MSU has a trio of returning fifth-year frontline players in Schmidt, Rebecca Walk and Amina Shackelford. Schmidt struggled to carve a role for herself in three years at Kansas, but in her first season in Starkville last fall, she led the Bulldogs with 301 kills and 3.34 points per set, and said it was an easy decision to come back for her final year of eligibility.
“This team makes it really easy. I always feel so supported here,” Schmidt said. “It’s easy for me to feel confident out there on the floor. I just find a lot of joy in competing at this point. With this transition, I still have a chip on my shoulder. I still have a lot of goals, and I’m really excited to see how I can do that with this team going forward through this season.”
Shackelford and Walk were also reliable offensive options for the Bulldogs, but their second-leading attacker, Sophie Agee, transferred to Alabama. So Darty Dennis brought in five new faces in the transfer portal herself, including junior Arianna Beckham (Florida Atlantic) and fifth-year senior Kailin Newsome (Southeastern Louisiana) — both of whom led their respective teams in kills in 2023.
MSU also added Mele Corral-Blagojevich after her freshman year at Oklahoma, grad transfer Kennedy Davis from Tennessee State and Cecilia Harness from North Texas. Harness started 30 of the Mean Green’s 33 games last year as the setter and may have the inside track to start for the Bulldogs, considering Emily Oerther and Alexa Fortin Goede have both exhausted their eligibility.
Darty Dennis said she is also excited about freshman Cayley Hanson at setter, and sophomore Mary Neal has also impressed Darty Dennis in the preseason and is likely the starting libero.

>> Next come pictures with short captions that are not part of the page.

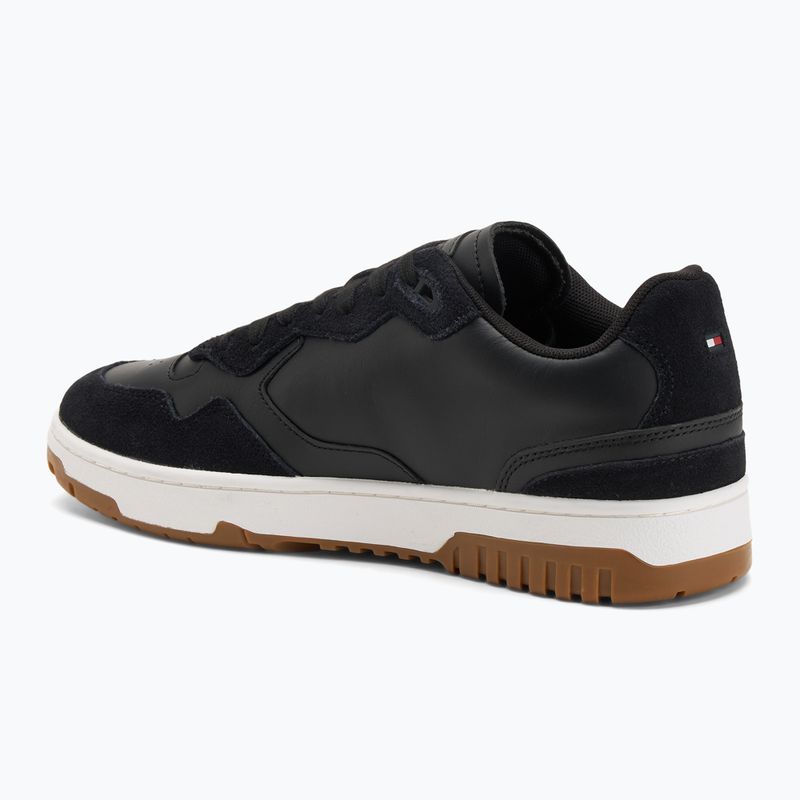 Pánské boty Tommy Hilfiger Basket Better Mix Lth black 3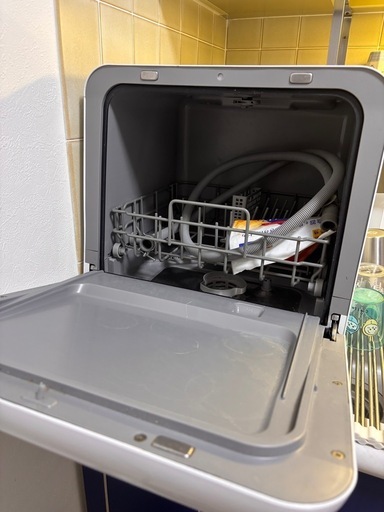 数回のみ使用アイリスオーヤマ 食器洗い乾燥機 食洗機【2020年製】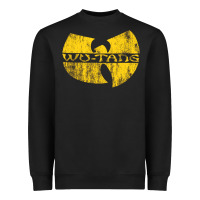 Black Vintage Heavyweight Sweatshirt - DesignPulse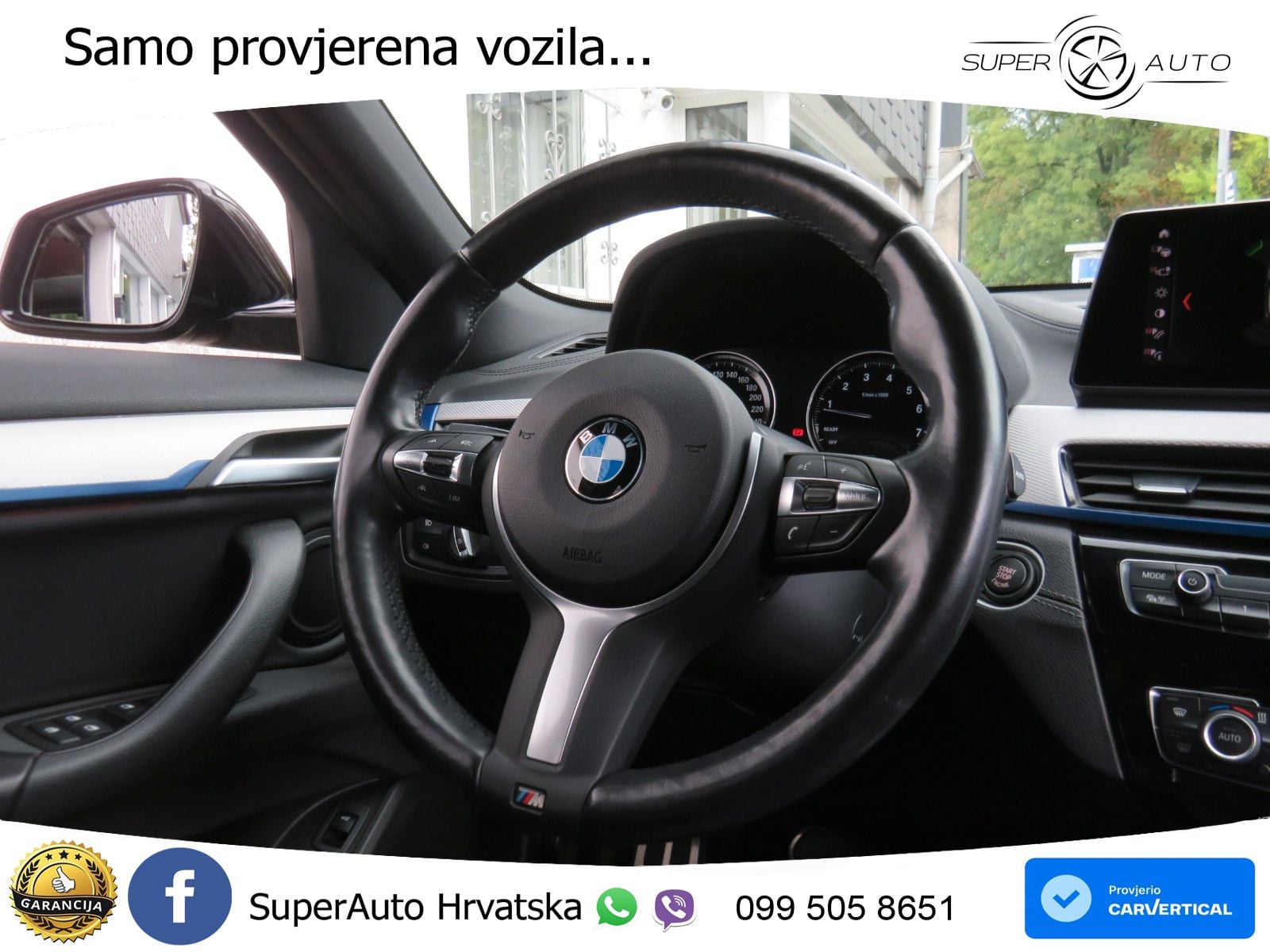 BMW X2 sDrive20i Steptronic M Sport LED+GR SJED+ACC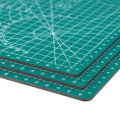 Deli 78401 1 Piece A3 Grid Self Healing Cutting Mat Durable PVC Craft Card Fabric Leather Paper Cutt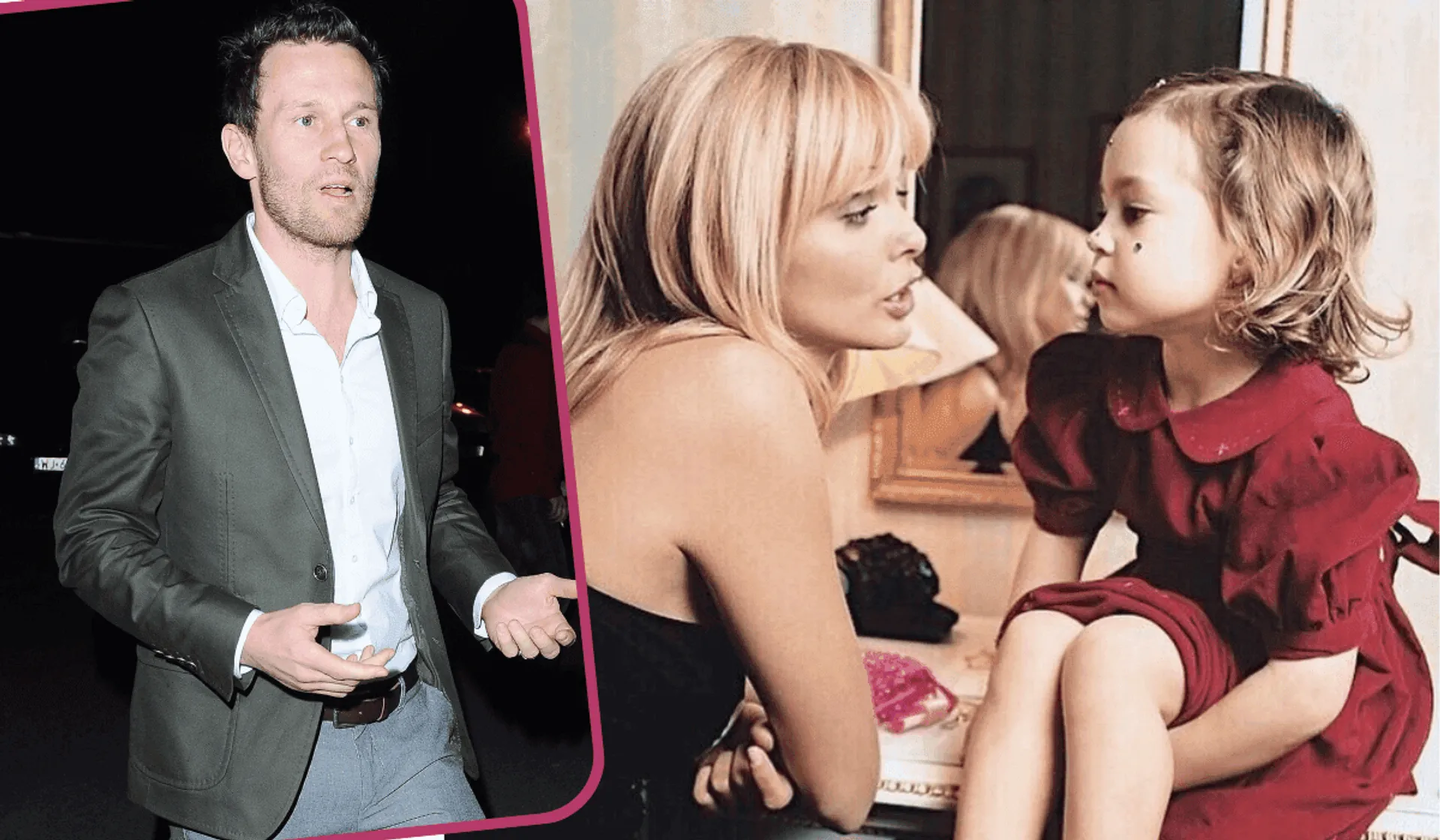 Scorupco i Czerkawski mają dorosłą córkę.  Dlaczego Julia nie rozmawia z dziadkami i nie używa nazwiska ojca?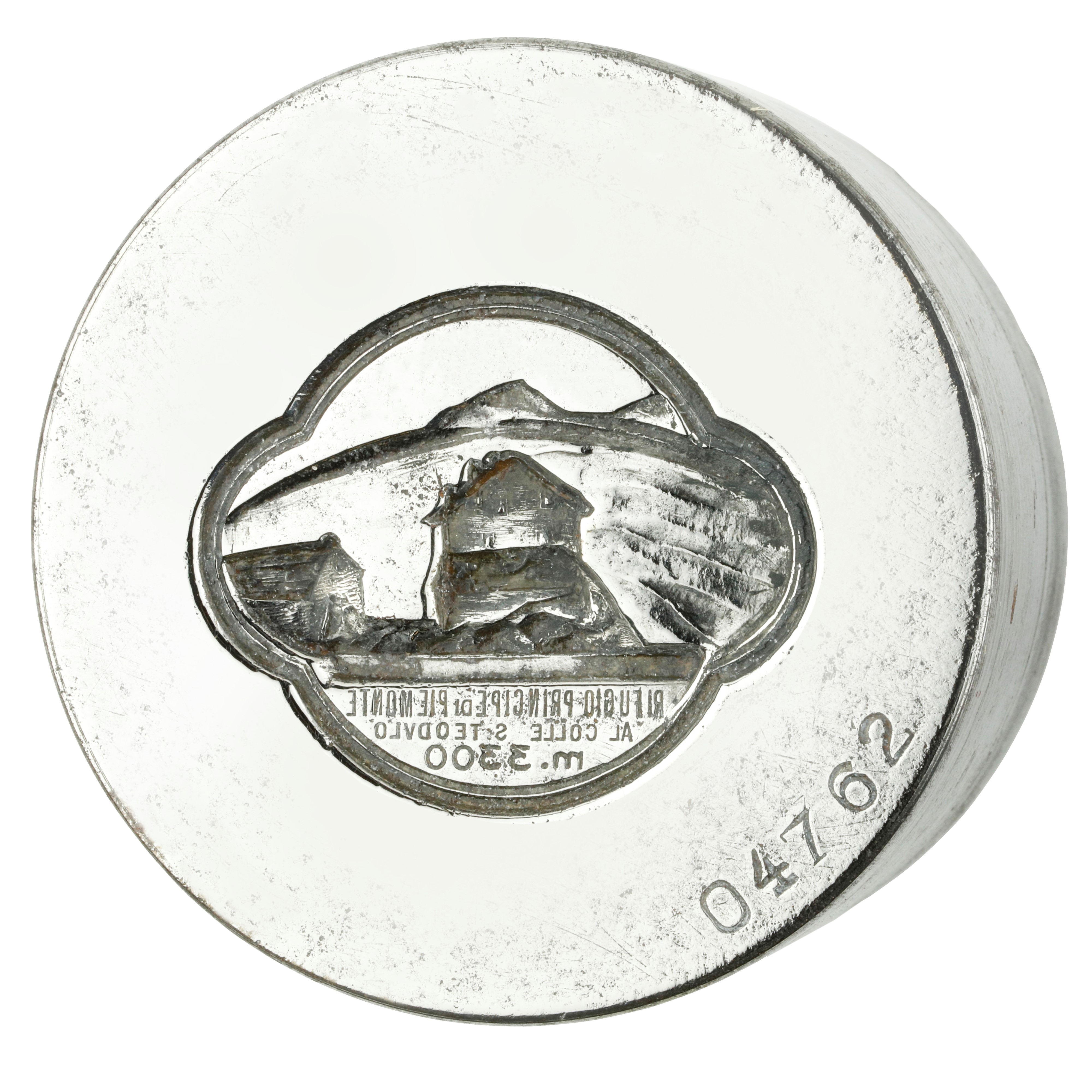 N Rifugio Principe di Piemonte al Colle S. Teodato M 3300. 63 X 43 MM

“The biggest priorities were just building and putting together a roster,” Darty Dennis said. “We had eight players in the spring, so we had a really small group, but it allowed us to really put a huge amount of work in with that group. Each of them individually got a ton better.”
MSU is coming off a ninth-place finish in the SEC, going 13-15 overall and 6-12 in conference play. The Bulldogs upset a ranked Florida team at home, but lost five of their first six conference matches and had a late-season stretch of four consecutive three-set defeats. The SEC sent eight teams to the 2023 NCAA Tournament, and that does not include the national champion Longhorns, who came over from the Big 12 this summer.

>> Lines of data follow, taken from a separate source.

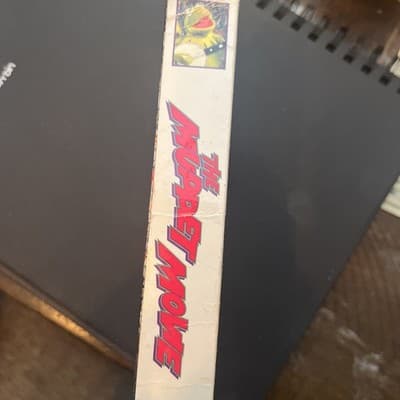 The Muppet Movie VHS 1999 Video Tape Vintage Jim Henson Puppets 80s Comedy Rare! - Thumbnail 2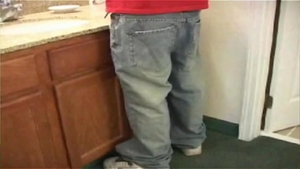 Next Door Male: Pounding Wood with Devin's Tool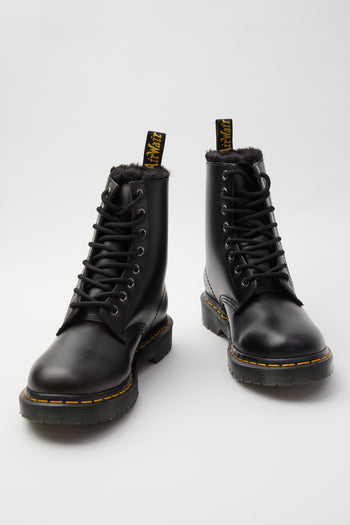 Dr. Martens Anfibio Dark Grey Atlas Donna - 7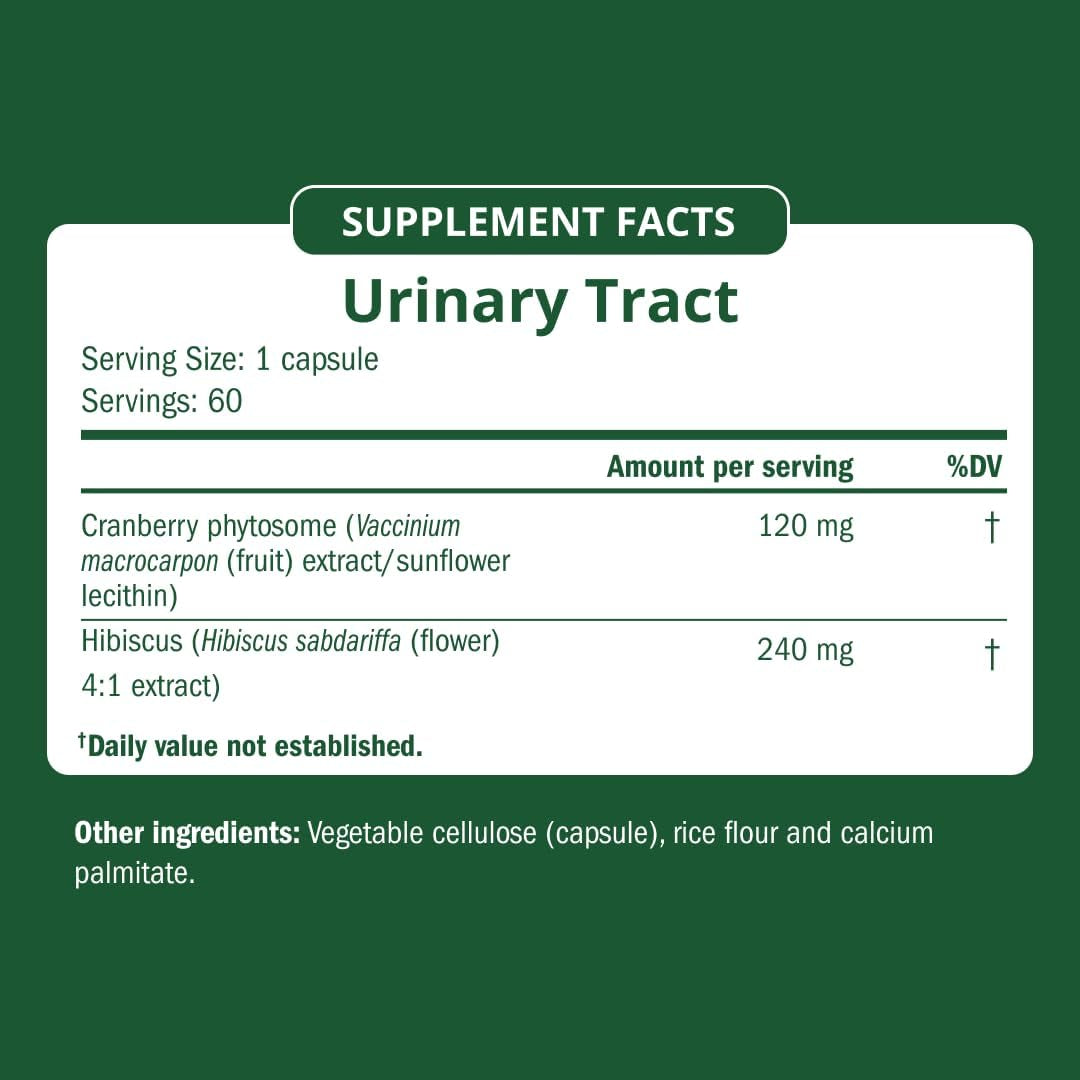 Semaine Urinary Tract Cleanse & Protect Capsules - 60 Pack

Darty Dennis is scheduling a lighter non-conference slate, with just nine matches instead of the maximum 12, but MSU still has some big opportunities early. After an exhibition match Saturday at Memphis, the Bulldogs open the season at Samford and Alabama-Birmingham, then host Michigan on Sept. 6 and Notre Dame on Sept. 8 in the StarkVegas Classic.
“I didn’t want to give them a break. I want them to be seasoned and ready, and we wanted to get battle-tested before we open (conference play),” Darty Dennis said. “I’ve got some older bodies and we’re going to try and get some really quality matches in there. We’re excited. It’s a great schedule.”
Following the first two home games, MSU will battle Tulane, Louisiana-Monroe and Grambling State in New Orleans, then returns home for two matches against Southern Miss before opening SEC play on Sept. 27 at South Carolina. Highlights of the home SEC schedule include a rivalry matchup with Ole Miss on Oct. 23 and a visit from the reigning champs on Nov. 6.
“We’re obviously looking forward to having the national champions in our gym in Starkville and bringing some more people into our gym, whether they’re there to see us or Texas,” Walk said. “Anyone can win on any given night in the SEC, and that’s shown the past couple years, just how tough our conference has gotten. We’re really excited to have so many opportunities to beat really good teams and play a tough schedule night in and night out.”